Acórdão nº 50003397020208210046 Tribunal de Justiça do Estado do Rio Grande do Sul, Décima Segunda Câmara Cível, 28-04-2022

Data de Julgamento28 Abril 2022
Tribunal de OrigemTribunal de Justiça do RS
Classe processualApelação
Número do processo50003397020208210046
Tipo de documentoAcórdão
ÓrgãoDécima Segunda Câmara Cível

PODER JUDICIÁRIO

Documento:20002037752
Poder Judiciário
Tribunal de Justiça do Estado do Rio Grande do Sul

12ª Câmara Cível

Avenida Borges de Medeiros, 1565 - Porto Alegre/RS - CEP 90110-906

Apelação Cível Nº 5000339-70.2020.8.21.0046/RS

TIPO DE AÇÃO: Acidente de trânsito

RELATOR: Desembargador PEDRO LUIZ POZZA

APELANTE: FRANTHYESCA KLEINSCHMITT DA SILVA (AUTOR)

APELADO: DIEGO BANDEIRA (RÉU)

RELATÓRIO

Adoto o relatório da sentença, da lavra do Dr.
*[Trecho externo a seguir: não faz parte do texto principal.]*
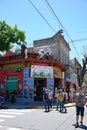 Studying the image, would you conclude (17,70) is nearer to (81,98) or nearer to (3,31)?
(3,31)

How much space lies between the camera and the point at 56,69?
1289 inches

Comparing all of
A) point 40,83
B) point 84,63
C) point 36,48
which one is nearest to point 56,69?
point 40,83

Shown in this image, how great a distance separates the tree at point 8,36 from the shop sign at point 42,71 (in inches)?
317

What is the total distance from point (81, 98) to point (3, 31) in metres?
24.8

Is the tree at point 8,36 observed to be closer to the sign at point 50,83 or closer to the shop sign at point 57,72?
the shop sign at point 57,72

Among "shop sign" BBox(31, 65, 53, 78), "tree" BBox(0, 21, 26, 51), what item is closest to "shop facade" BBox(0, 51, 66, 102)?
"shop sign" BBox(31, 65, 53, 78)

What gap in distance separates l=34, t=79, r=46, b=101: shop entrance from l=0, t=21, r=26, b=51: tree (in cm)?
804

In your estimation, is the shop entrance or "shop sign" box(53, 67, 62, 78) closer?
the shop entrance

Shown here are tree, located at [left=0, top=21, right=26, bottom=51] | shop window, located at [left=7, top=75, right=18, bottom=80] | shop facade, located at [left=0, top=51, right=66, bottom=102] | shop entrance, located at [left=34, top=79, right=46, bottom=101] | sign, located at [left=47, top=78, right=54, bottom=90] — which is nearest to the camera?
shop facade, located at [left=0, top=51, right=66, bottom=102]

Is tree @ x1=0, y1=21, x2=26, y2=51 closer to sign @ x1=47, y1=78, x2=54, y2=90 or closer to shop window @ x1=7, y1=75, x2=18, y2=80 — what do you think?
shop window @ x1=7, y1=75, x2=18, y2=80

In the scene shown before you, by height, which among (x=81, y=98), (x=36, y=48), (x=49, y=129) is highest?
(x=36, y=48)

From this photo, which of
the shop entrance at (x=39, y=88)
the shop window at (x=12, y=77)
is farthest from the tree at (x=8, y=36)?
the shop entrance at (x=39, y=88)

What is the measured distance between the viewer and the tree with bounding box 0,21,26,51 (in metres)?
36.0

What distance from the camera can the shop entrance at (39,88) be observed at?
3012 centimetres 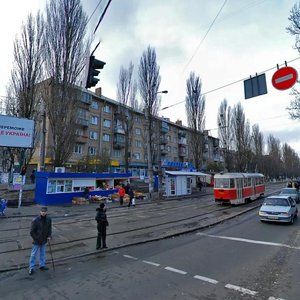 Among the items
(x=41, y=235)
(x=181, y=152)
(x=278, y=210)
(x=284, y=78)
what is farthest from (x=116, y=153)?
(x=41, y=235)

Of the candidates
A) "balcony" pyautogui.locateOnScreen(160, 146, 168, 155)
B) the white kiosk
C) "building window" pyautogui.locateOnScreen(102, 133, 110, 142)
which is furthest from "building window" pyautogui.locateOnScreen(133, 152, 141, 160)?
the white kiosk

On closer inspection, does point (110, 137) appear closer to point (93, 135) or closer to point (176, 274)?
point (93, 135)

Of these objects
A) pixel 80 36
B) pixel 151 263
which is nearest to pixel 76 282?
pixel 151 263

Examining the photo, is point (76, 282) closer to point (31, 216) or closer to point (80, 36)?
point (31, 216)

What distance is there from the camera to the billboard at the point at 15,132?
17609 millimetres

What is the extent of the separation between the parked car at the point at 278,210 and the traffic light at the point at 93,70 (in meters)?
11.5

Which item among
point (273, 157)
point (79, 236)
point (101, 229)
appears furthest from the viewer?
point (273, 157)

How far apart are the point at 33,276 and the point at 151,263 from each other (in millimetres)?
3090

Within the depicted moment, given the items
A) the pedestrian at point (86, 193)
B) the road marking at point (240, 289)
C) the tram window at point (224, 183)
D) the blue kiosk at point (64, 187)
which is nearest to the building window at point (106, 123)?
the blue kiosk at point (64, 187)

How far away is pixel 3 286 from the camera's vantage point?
5.80m

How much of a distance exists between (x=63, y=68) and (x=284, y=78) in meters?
20.9

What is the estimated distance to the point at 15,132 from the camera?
59.5 feet

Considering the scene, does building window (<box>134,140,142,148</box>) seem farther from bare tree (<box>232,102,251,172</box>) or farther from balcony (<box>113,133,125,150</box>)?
bare tree (<box>232,102,251,172</box>)

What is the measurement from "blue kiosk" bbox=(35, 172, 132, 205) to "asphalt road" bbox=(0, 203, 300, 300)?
15604mm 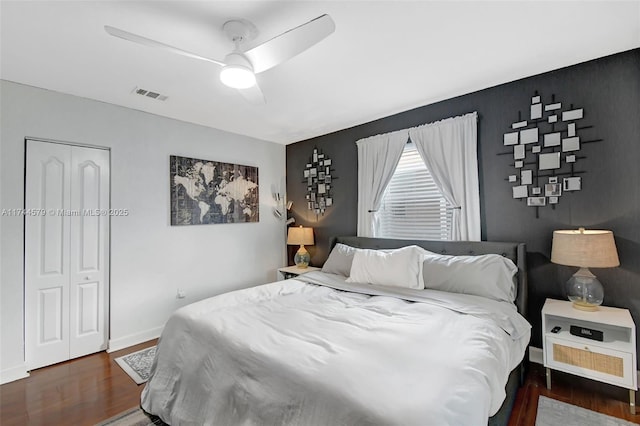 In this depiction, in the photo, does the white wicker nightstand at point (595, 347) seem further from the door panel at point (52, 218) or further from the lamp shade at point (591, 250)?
the door panel at point (52, 218)

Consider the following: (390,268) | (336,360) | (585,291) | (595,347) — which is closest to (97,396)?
(336,360)

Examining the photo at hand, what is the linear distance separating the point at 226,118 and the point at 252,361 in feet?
9.81

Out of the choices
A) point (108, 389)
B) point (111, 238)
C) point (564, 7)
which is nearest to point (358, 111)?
point (564, 7)

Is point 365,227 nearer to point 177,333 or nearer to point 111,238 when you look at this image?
point 177,333

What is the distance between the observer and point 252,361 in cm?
150

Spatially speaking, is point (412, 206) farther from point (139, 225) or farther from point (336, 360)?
point (139, 225)

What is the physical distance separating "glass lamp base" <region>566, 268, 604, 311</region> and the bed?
33 cm

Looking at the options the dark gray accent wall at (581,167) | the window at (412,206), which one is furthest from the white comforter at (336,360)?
the window at (412,206)

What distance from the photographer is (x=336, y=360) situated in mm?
1385

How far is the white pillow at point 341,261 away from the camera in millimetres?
3309

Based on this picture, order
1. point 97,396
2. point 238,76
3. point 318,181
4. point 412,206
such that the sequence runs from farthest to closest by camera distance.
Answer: point 318,181 < point 412,206 < point 97,396 < point 238,76

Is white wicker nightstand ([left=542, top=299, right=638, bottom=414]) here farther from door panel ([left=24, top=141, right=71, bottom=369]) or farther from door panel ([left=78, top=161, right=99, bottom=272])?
door panel ([left=24, top=141, right=71, bottom=369])

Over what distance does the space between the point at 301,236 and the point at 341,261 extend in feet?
3.48

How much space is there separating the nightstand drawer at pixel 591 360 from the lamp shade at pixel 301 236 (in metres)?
2.84
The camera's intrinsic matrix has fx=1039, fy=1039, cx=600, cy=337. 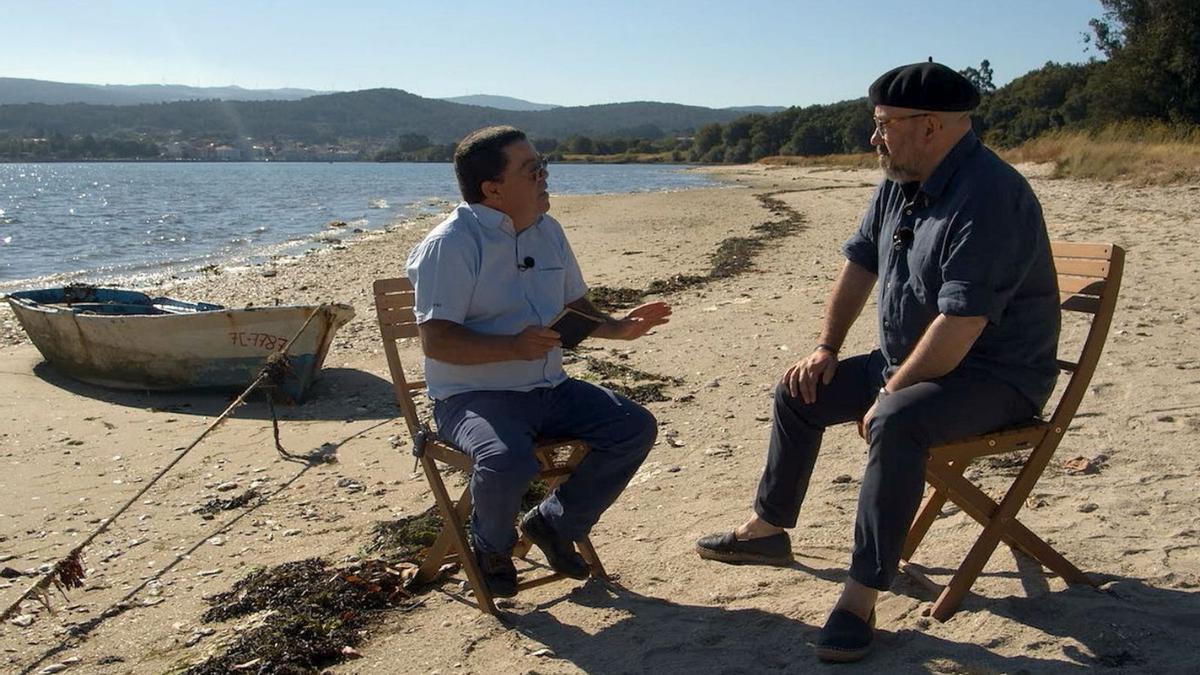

Daniel da Silva Luz (Evento 112):

Vistos.

FRANTHYESCA KLEIN SCHMITT DA SILVA, representada por sua guardiã ALEXANDRA DE FÁTIMA DA ROSA ajuizou ação pelo rito ordinário em face de DIEGO BANDEIRA, relatando que, em 23/03/2017, o veículo conduzido pelo requerido envolveu-se em um acidente de trânsito, causando a morte de sua genitora. Apontou que a culpa é do requerido, pois saiu da pista do lado direito e, quando retornou, invadiu a pista contrária, chocando-se com outro veículo e causando a morte da sua genitora, que estava na carona. Falou que tem direito à indenização por dano moral e material. Requereu a procedência dos pedidos. Juntou documentos (fls. 14/41).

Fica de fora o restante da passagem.